Datavault: How to get hashes for foreign key relationships (populating link tables)


I've read the data vault book end to end, but I'm still trying to resolve one specific thing related to how you'd populate the link tables (how to get all hashes for that). From the blog of scalefree: massively parallel processing, it demonstrates that satellites and hubs can be loaded in full parallel fashion, but it doesn't go into a lot of detail related to the link tables.

Links require hash keys, thus in some way 'business keys' from multiple tables to establish the relationships, that's what they do, they record relations between hubs. There aren't very good explanations or in-depth explanations how you would retrieve the business keys of related entities when populating these link tables.

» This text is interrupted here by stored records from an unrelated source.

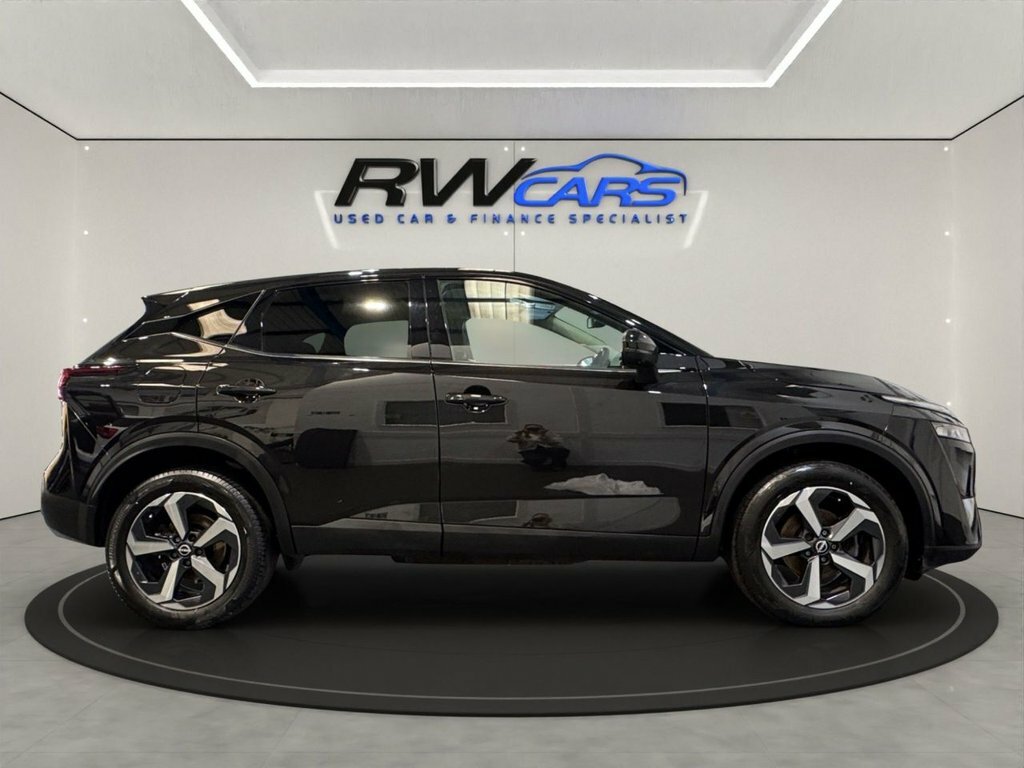 Nissan Qashqai 1.3L N-connecta Black #5
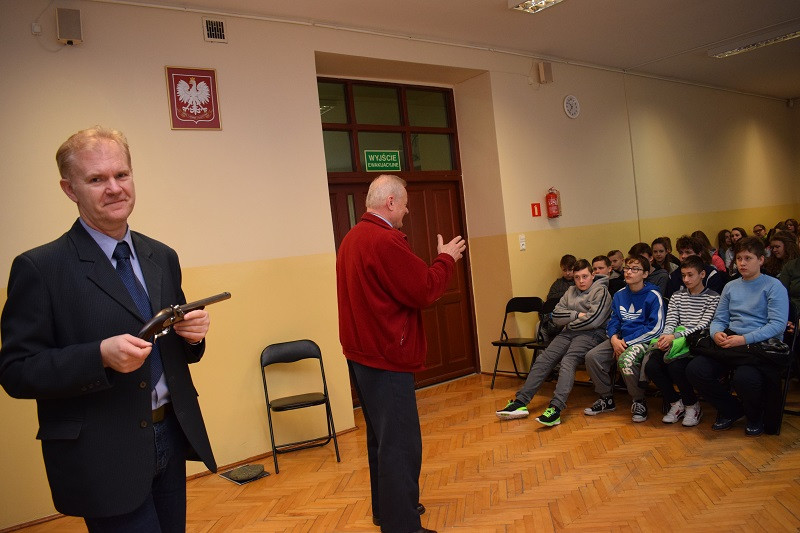 Pokaz krótkiej i długiej broni czarnoprochowej w KLGiSP Księży Pallotynów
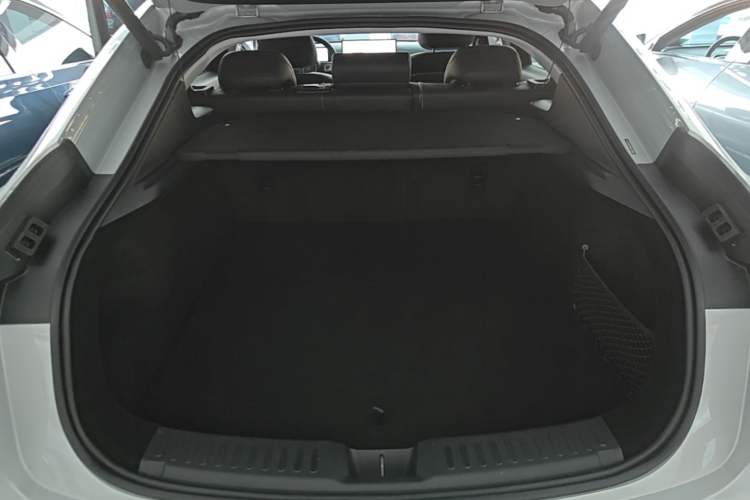 Used Baojun Enjoy 2025 Plug-in Hybrid 140km Luxury Edition Trunk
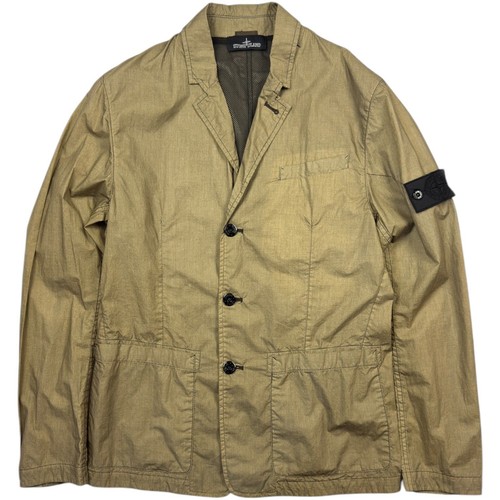 Stone island shadow - island, project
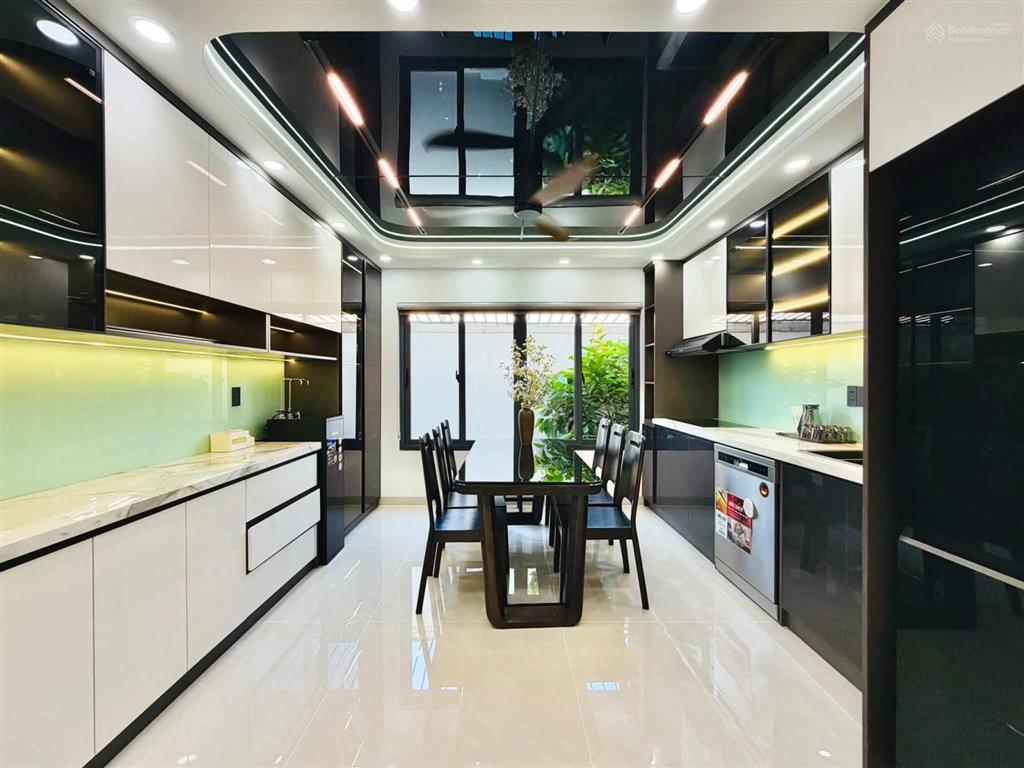 Nhà xây mới đường phạm văn chiêu dt 4x16m trệt lửng 3 lầu có thang máy 4 phòng ngủ hẻm ôtô 8.5 tỷ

For a specific table like 'customer' things are easy for hub and satellite: just convert the business key to a hash and load both of them in parallel.

But a customer details table or a transaction table from an OLTP need some kind of join to happen to look up the business key for the customer or to look up all the related entities in the transaction (product, customer, store, etc), because those tables do not typically store (all) business key(s) as an attribute in the table.

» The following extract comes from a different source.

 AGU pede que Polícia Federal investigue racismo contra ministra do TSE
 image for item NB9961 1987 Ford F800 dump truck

If I assume that staging is loaded incrementally and truncated, then staging doesn't necessarily have all the entities loaded to be able to perform joins there. How to resolve this dilemma and create a design that works?

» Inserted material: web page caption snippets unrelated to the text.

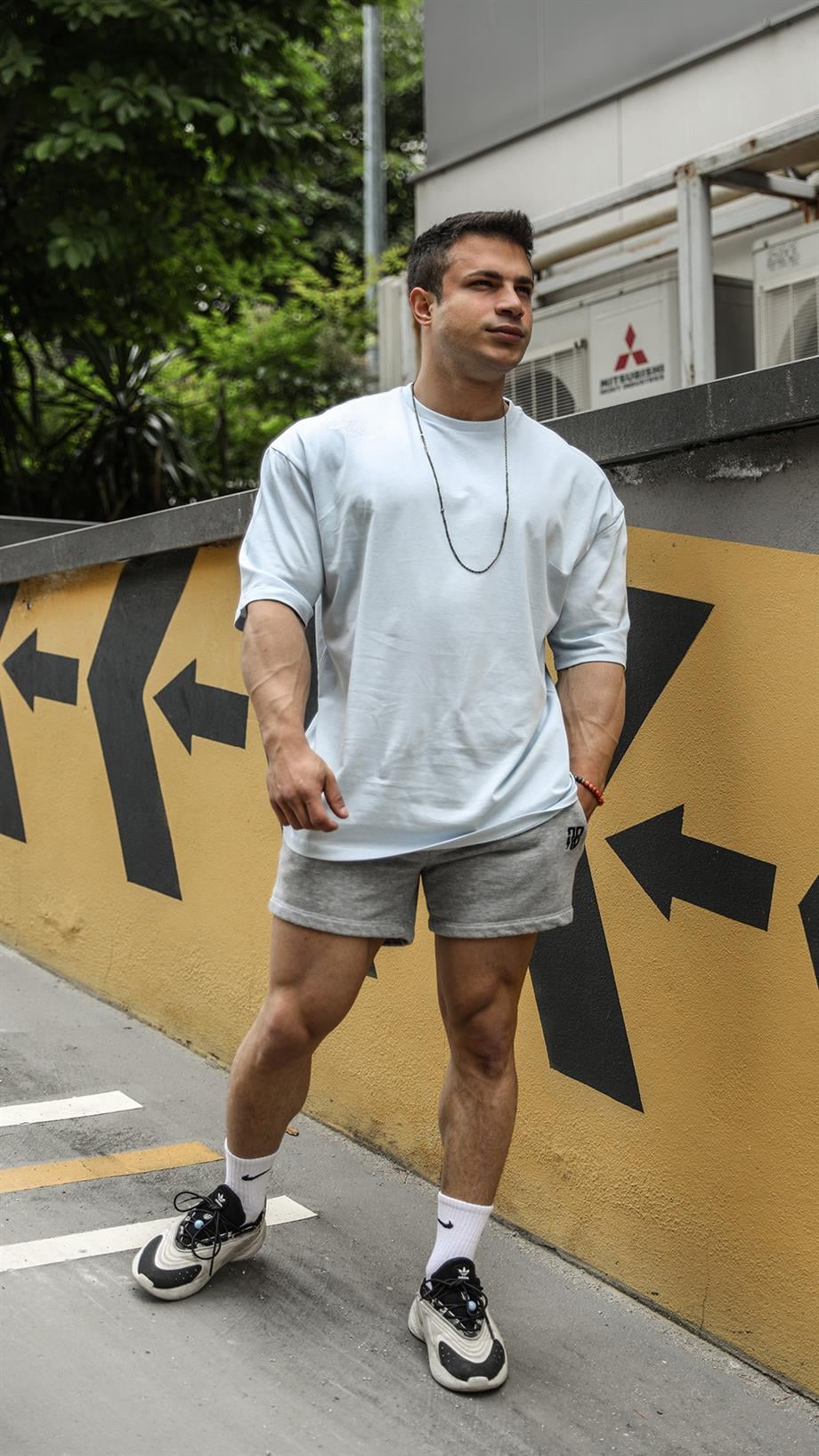 Omzu Detaylı Oversize Tshirt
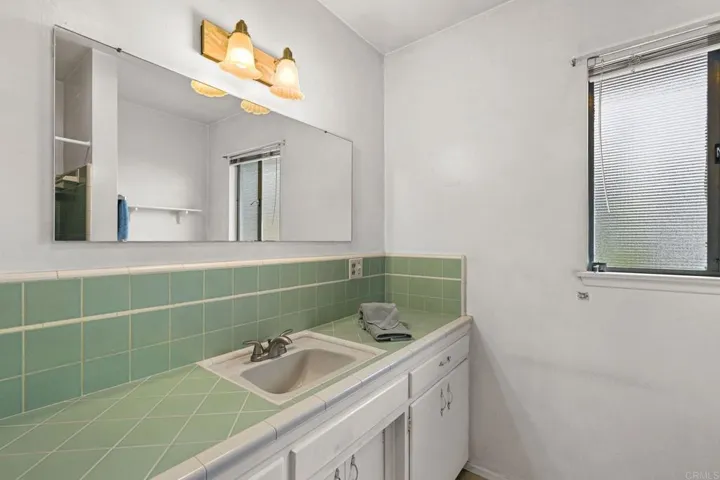 936 W 3rd Avenue, Escondido, California 92025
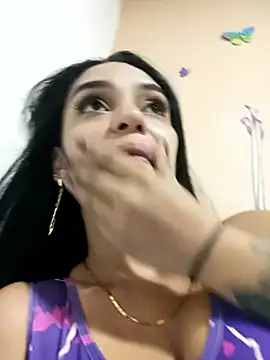 Sara-77's Webcam Show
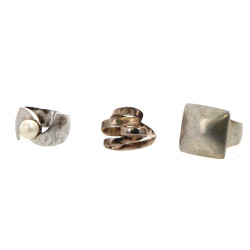Lot de 3 bagues modernes en argent dont 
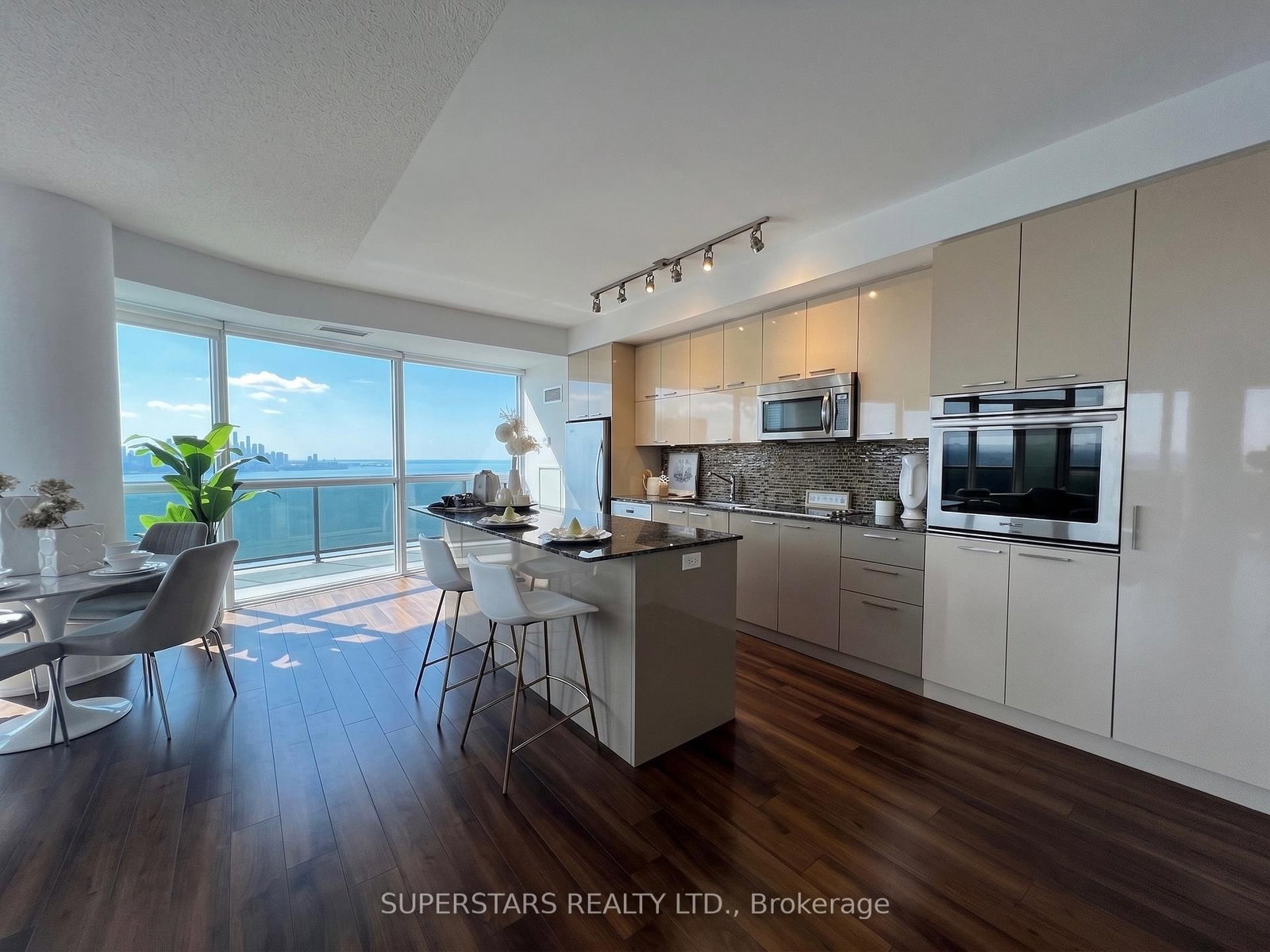 2302-80 Marine Parade Drive, Toronto, ON, photo 4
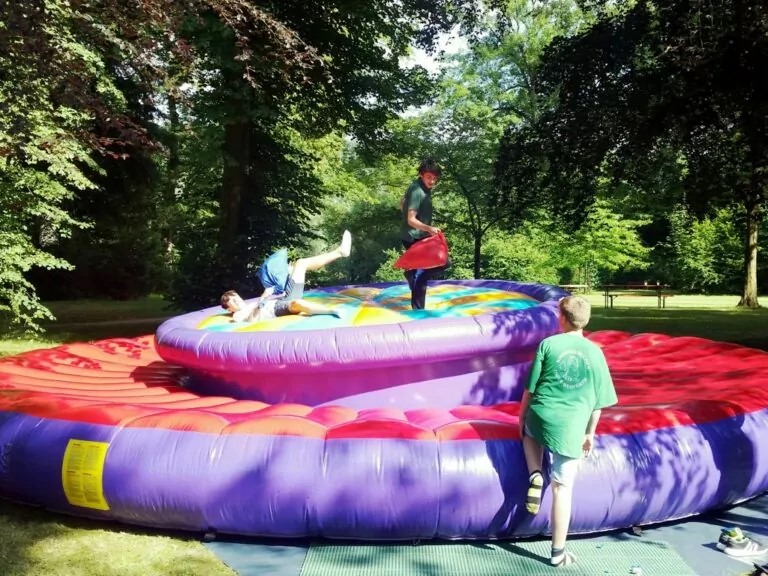 Gladiator-Fight-Knock-Out-American-mieten-768x576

  1. Join on tables in the source OLTP systems to generate the business keys from there and propagate them as hashes from there? (this ends up wrong if the business key was chosen incorrectly)
  2. Use a persistent staging area, so never truncate? (then it's always possible to join on any table in there to resolve)
  3. Use some kind of index for surrogate keys -> business keys and perform a lookup from there? (minimizes I/O a bit further and is a mix between incremental staging and persistent staging).
  4. some other method...?

Essentially, what is the best practice for generating the hashes for all foreign key relations of your OLTP systems?


Solution

  • I talked to an expert about this and this is the answer I accepted from him:

    The only sensible two ways to produce hashes for tables that do not have all the columns necessary to produce a business key for that table is:

    • In the case where you have a full load of all the tables that have the business keys (yet maybe incremental for a link table), join to the relevant source tables having the business keys in staging. This is ok, because you can guarantee you have all the data in staging at that moment.
      • In the case where you have incremental loads for tables having business keys, you must use a persistent staging area (PSA) to do this for you.

    It is considered bad practice to join tables in source system queries in order to generate the business keys. The reason is that the data warehouse should have as little operational impact as possible.